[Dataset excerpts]
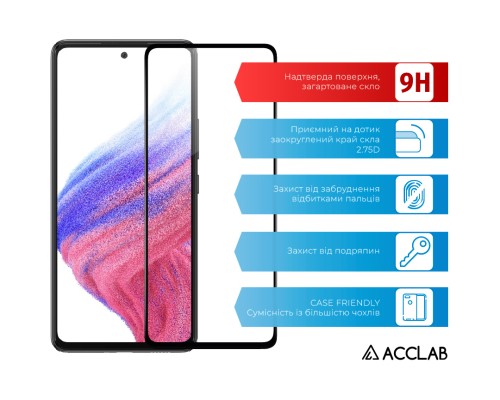 Скло захисне ACCLAB Full Glue Samsung A53 5G (1283126522444)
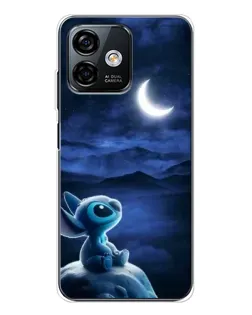 Чехол для Ulefone Note 16 Pro с картинкой «Лунная ночь Стича»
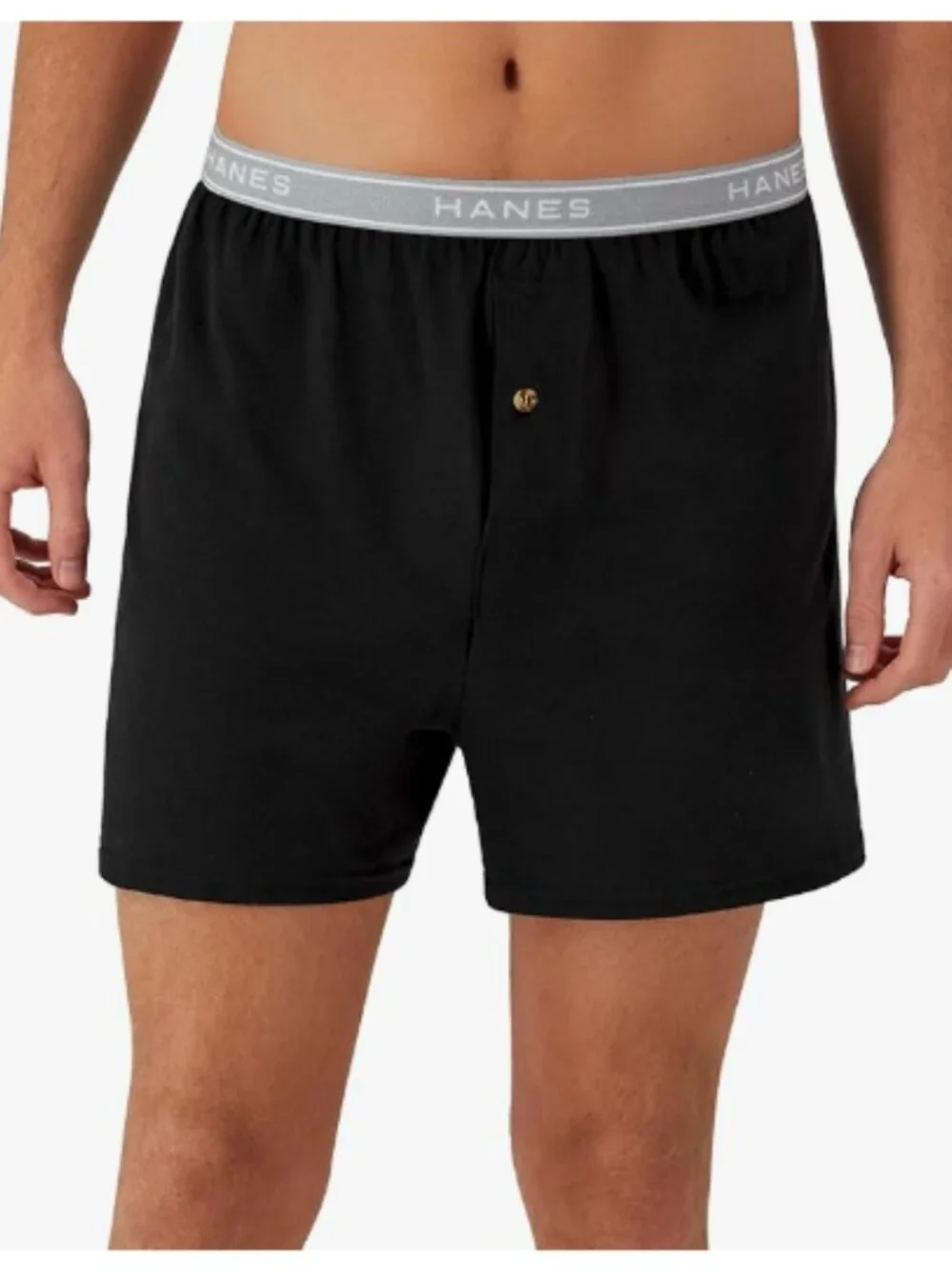 Hanes Comfort Soft Men's Boxers Cool and Breathable Cotton Underwear, 5-Pack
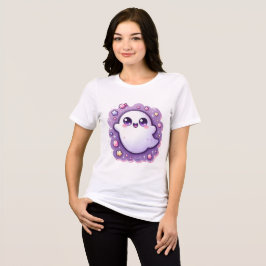 Camiseta Triblenda Camiseta de Kawaii Ghost T-Shirt Pastel Halloween 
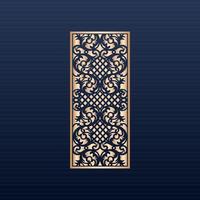 cnc file- Jali design for cnc router and laser cutting vector - Laser cut decorative panel set with lace pattern square templates - Vector abstract geometric islamic background decorative arabic gold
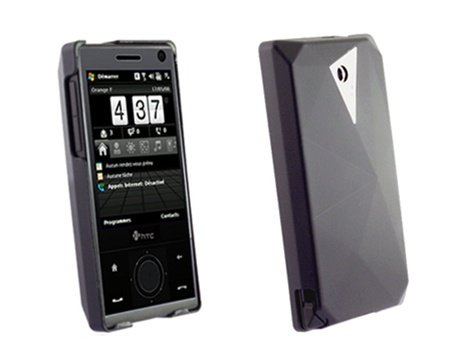 Seidio Innocase Surface Rubberized Hard Case for HTC Touch Diamond (Black)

How to complete this task: Exactly the lines from the line containing "Hanes Comfort Soft" to the end of the records need to be copied, both ends included, with pictures left out.

Response area:
 Hanes Comfort Soft Men's Boxers Cool and Breathable Cotton Underwear, 5-Pack
 Camiseta Triblenda Camiseta de Kawaii Ghost T-Shirt Pastel Halloween 
 cnc file- Jali design for cnc router and laser cutting vector - Laser cut decorative panel set with lace pattern square templates - Vector abstract geometric islamic background decorative arabic gold
 Seidio Innocase Surface Rubberized Hard Case for HTC Touch Diamond (Black)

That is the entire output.